Everyone loves Goonies. And if you don’t, you’re not normal. (J/k) Do you remember the character Sloth played by John Matuszak? Know how oddly shaped his head was, plus the fact that he was enormous in size? Upon seeing him, Chunk screamed.

Now you know the reaction I had inside when I first laid eyes on Derrick. I believe he just popped up out of the blue on my yahoo buddy list. Maybe we had a conversation or two eons ago and then he decided that when my away message read that I was playing basketball he wanted to chat again. Derrick was 6’5, another tall one. He had a myspace.com page and had a picture.

Yeah, UH picture. Just one.

I gave him my number and we talked on the phone. As a female, I find myself wondering with each and every guy “does he just want sex?” Studies I’ve read give statistics on how much males think about sex during the day. It’s way more than women. When talking to each and every potential boyfriend, and especially with Derrick, I am looking for the obvious physical attraction: healthy, good looks, chemistry as well as personality, intellect, beliefs and goals. Derrick was tall and was easy to talk to. That was enough for me. After feeling comfortable enough we made plans to meet at Easton in Columbus. Derrick suggested we get a hotel.

Gut instincts did not like that. But it didn’t stop me.
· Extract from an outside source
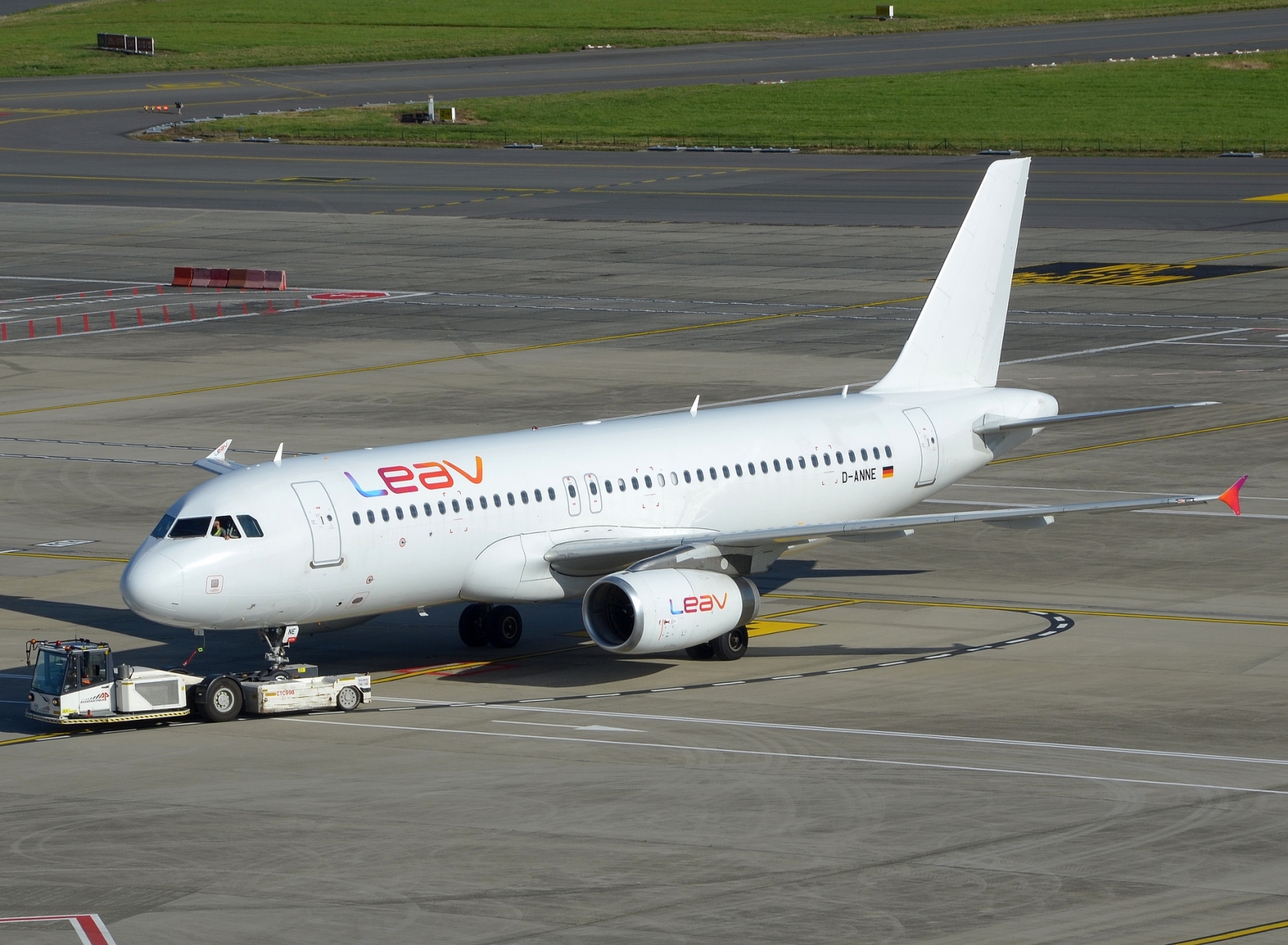 D-ANNE - A320-232 - Leav Aviation - BRU - 28-08-2024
When I got there, it was packed. I parked and walked into Macy’s, texting Derrick to meet me in the men’s department because there was no way I could have found him there. Next thing I know, he comes around the corner and my body jolts as if to run away. Gut instincts reacted and I stopped it. I thought Sloth was walking towards me, tall, awkward shaped head, skinny legs and I was mentally kicking my ass for not demanding more pictures. Why did I settle on just SOME of the attributes I look for in a man? Was I that desperate? Yes, I was that desperate.

Smiling, he greeted me with a hug. We went to Adobe Gilas, and I quickly ordered a margarita to numb the skyrocketing anxiety. The more tequila, the better. A nice guy just isn’t enough. Anyone can reason that this is a shallow thing to say. It’s not and I won’t let anyone reason it that way. My parents married six weeks after their second date. But my mother claims “she just knew.” Well, I “just knew” that there was not going to be a happily ever after for Derrick and I.
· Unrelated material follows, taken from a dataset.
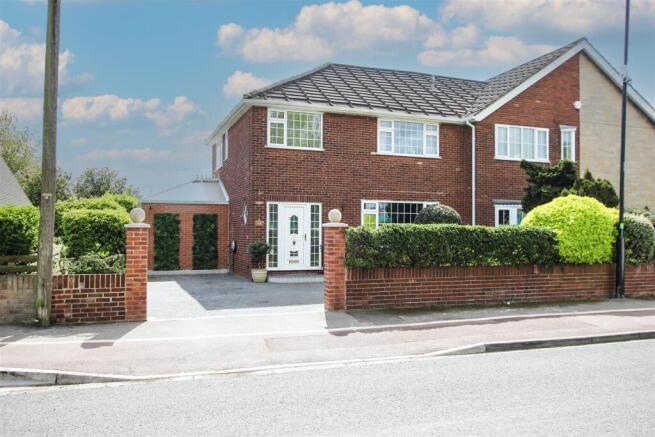 3 bed Semi-Detached for sale Image 7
Avoiding any honest confrontation, I sat there for the next hour or so replaying in my head the whole scenario again of him coming around the corner. The scene would all of a sudden go in slow mo and you’d see my look of disappointment, my body turn and my arms go up to grab some speed as my legs lifted in full sprint motion. I wouldn’t look back but the dramatic scene had me picturing his facial expression to drop from a smile to a frown, the crowd of shoppers gathering around, pointing and snickering at him, and then I’d be home free in my car speeding off to Lisa’s house, my best friend in Columbus. Then I wondered if I bolted out the door, if he would chase after me, and confront me demanding some honesty. We all know by this point in the book that I do not work well with saying what’s on my mind. I cannot take rejection let alone give it. Now all of a sudden I’m writing this and feeling ten feet tall and invincible and the truth comes out!
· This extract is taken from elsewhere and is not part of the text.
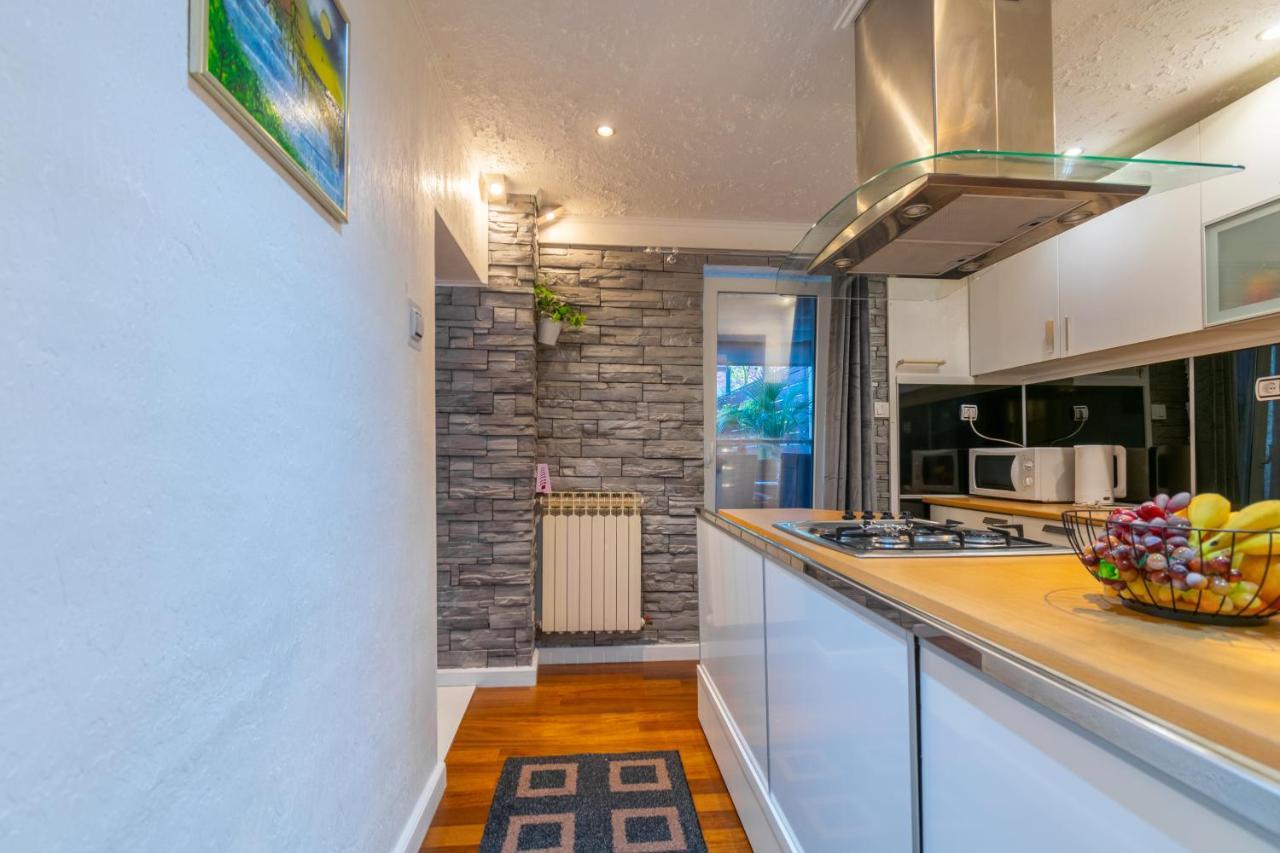 Apartments Villa Tomas Brela Εξωτερικό φωτογραφία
After dinner, we went to see a movie: License to Wed with Robin Williams. Not as good as I thought it would be but anything to keep me from looking at Derrick and a dark movie theater would do the trick. Unfortunately he made the move to hold my hand and I let him. This was unbearable. Why me? I really need to learn to be straightforward because not only is this date a waste of my time but his as well. Shame on me. After the movie was over, the lights came on. Dammit. We walked out of the theater and it was dark. His truck was first and I kindly asked him if he would drive me to my car. I parked in the parking garage and was concerned with my safety. Nighttime, good-looking female walking alone, I felt I was a target for something bad to happen but I had no idea what was in store for me within the next 15 minutes.

He drove me to my car and parked in the space in front of it. He put the truck in park, not a good sign. I thanked him for coming to meet me and that I was going to my friend’s house before it got too late. He leaned in and gave me a kiss. I made it a closed mouth smooch and then gave him a hug but he stuck his tongue in my mouth. I enjoy kissing but at this moment I would have rather had my pubic hair tweezed out one by one than to let his tongue wrestle with mine. I slowly pulled away, getting ready to say bye when he did something I will never forget. He shoved my head towards his crotch. I could feel my neck muscles tighten; I looked him in the eye, feeling the blood rush to my cheeks. I was offended, embarrassed, and furious all in one. Now imagine those emotions overwhelming you and you don’t say anything because you haven’t yet learned to stand up for yourself.

I’m guessing he thought he was flirting. I don’t know. I let him hold my hand so maybe it was my fault. He suggested getting a hotel again, to continue more with the head shoving? No, thank you. I took a break from online dating after this experience.

Pulling into Lisa’s house she asked me how the date went.

“Fine.” I didn’t want to relive this night.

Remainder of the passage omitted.